Services such as Spur.us illustrate this form of infrastructure context by aggregating large scale network telemetry to assess whether an IP address is likely to represent:

  • A known VPN exit node, typically a low value investigative lead
  • A residential proxy, often indicating a compromised victim device
  • A data centre IP behaving as a single user, suggesting a virtual private server

Using this contextual intelligence allows investigators to filter out high volumes of noise and focus on infrastructure where preservation orders and provider enquiries are proportionate and likely to yield results.

TOOL ACCESS:
For a deeper breakdown of infrastructure profiling techniques and an overview of freely accessible tools, refer to the Infrastructure and Network section of our tools page.


5. Defensible Conclusions

One of the most common errors in reporting is the conflation of observation with inference.

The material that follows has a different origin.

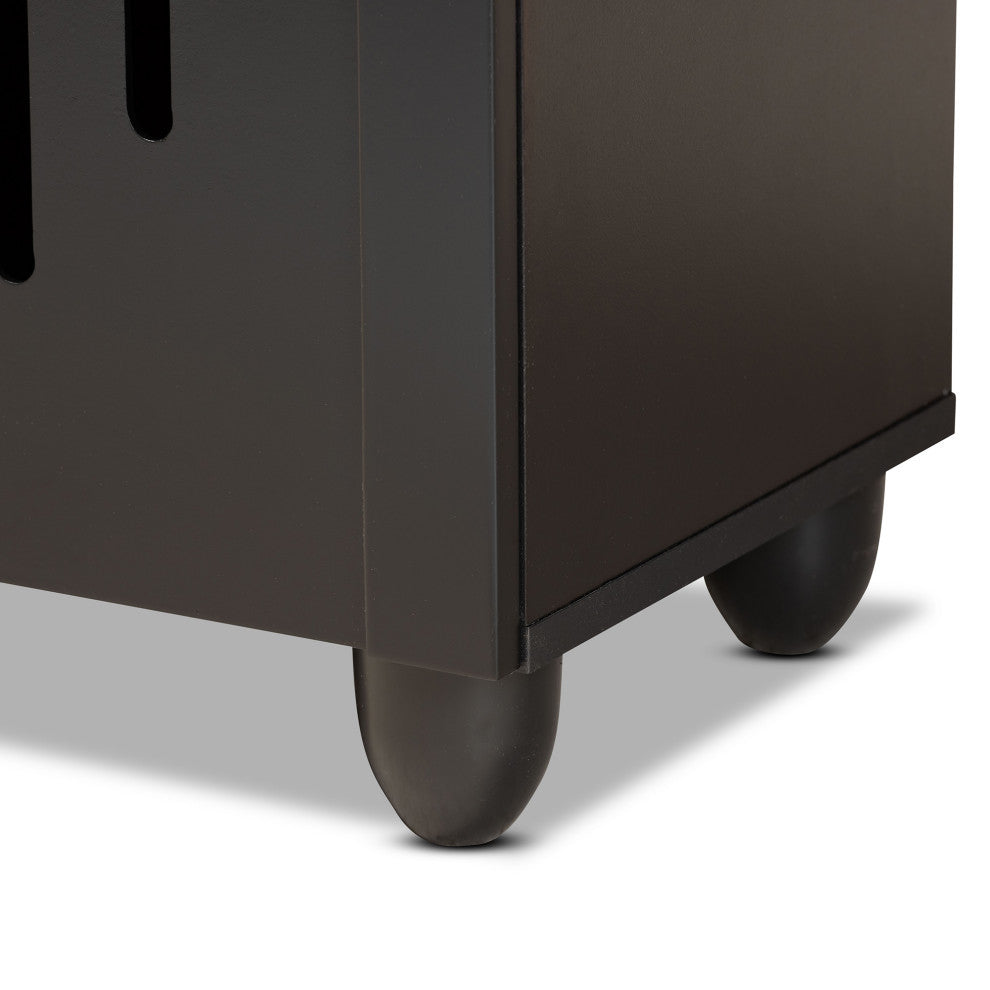 Renley Espresso Brown Finished Wood 2-Door Shoe Storage Cabinet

A statement such as “The suspect used a VPN” is an inference. It presumes knowledge of the software installed on the suspect’s device, something that cannot be proven by observing external network traffic alone. If that inference is challenged in court and the defence demonstrates that the suspect was using a proxy or corporate gateway instead, the investigator’s technical credibility is undermined.

Investigators must default to describing infrastructure capabilities rather than user configurations.

  • Weak Statement: “The suspect connected via NordVPN.”
  • Defensible Statement: “Traffic was observed exiting via infrastructure attributed to a known commercial anonymity provider.”

This distinction protects the integrity of the investigation. It accurately reflects what the data proves, the exit point, while respecting the limits of what remains unknown, the entry point. By maintaining this discipline, investigators ensure their conclusions remain robust, accurate, and resilient under cross examination.


Just because an IP address resolves to a data centre does not mean an investigation ends. Those who profile the infrastructure can see what is hidden within the Digital Shadow.